### Task goal
Please copy exactly the lines that run from the start of the entries to the line containing "PGO Hotte Lotte billede 9", inclusive.

Exercise material Block Start

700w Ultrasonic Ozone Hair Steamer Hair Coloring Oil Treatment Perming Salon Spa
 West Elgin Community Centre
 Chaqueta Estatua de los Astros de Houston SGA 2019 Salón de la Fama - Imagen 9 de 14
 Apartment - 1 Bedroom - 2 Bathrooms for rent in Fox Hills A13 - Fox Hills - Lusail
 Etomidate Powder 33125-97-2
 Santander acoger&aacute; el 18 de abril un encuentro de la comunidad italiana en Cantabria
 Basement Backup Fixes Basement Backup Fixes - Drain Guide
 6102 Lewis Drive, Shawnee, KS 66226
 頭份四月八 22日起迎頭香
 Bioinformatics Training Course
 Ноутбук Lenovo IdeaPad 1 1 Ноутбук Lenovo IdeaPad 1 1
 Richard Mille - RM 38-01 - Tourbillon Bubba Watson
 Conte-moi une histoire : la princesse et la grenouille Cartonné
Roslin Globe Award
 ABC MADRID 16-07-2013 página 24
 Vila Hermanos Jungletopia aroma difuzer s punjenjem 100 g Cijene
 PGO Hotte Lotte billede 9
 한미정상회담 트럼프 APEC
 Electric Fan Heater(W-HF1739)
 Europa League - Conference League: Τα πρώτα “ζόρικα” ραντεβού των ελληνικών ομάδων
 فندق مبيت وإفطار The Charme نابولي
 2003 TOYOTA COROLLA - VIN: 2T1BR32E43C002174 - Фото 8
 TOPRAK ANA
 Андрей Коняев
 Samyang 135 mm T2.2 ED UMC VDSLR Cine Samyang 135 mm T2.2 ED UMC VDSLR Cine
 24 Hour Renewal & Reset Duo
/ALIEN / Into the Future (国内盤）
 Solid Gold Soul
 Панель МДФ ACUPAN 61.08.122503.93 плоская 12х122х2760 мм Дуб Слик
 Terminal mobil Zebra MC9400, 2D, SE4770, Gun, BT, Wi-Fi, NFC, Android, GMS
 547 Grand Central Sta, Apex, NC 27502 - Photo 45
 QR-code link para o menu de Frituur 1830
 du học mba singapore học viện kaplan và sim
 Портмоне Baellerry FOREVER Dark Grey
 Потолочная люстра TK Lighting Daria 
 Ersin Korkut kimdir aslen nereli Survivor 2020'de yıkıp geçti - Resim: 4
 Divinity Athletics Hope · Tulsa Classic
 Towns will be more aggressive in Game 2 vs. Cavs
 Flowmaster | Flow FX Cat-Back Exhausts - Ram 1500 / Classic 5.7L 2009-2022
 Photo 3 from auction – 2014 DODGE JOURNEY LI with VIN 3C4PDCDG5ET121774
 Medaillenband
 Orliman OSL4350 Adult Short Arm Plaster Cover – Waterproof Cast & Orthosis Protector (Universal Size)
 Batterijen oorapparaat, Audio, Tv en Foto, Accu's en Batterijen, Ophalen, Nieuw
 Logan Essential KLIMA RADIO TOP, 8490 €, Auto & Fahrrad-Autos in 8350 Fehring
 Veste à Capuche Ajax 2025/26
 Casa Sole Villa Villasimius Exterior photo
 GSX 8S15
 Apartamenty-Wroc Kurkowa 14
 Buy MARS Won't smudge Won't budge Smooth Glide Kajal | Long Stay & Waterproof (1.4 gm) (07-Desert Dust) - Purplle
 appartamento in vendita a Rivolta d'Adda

Exercise material Block End

### Answer below
700w Ultrasonic Ozone Hair Steamer Hair Coloring Oil Treatment Perming Salon Spa
 West Elgin Community Centre
 Chaqueta Estatua de los Astros de Houston SGA 2019 Salón de la Fama - Imagen 9 de 14
 Apartment - 1 Bedroom - 2 Bathrooms for rent in Fox Hills A13 - Fox Hills - Lusail
 Etomidate Powder 33125-97-2
 Santander acoger&aacute; el 18 de abril un encuentro de la comunidad italiana en Cantabria
 Basement Backup Fixes Basement Backup Fixes - Drain Guide
 6102 Lewis Drive, Shawnee, KS 66226
 頭份四月八 22日起迎頭香
 Bioinformatics Training Course
 Ноутбук Lenovo IdeaPad 1 1 Ноутбук Lenovo IdeaPad 1 1
 Richard Mille - RM 38-01 - Tourbillon Bubba Watson
 Conte-moi une histoire : la princesse et la grenouille Cartonné
Roslin Globe Award
 ABC MADRID 16-07-2013 página 24
 Vila Hermanos Jungletopia aroma difuzer s punjenjem 100 g Cijene
 PGO Hotte Lotte billede 9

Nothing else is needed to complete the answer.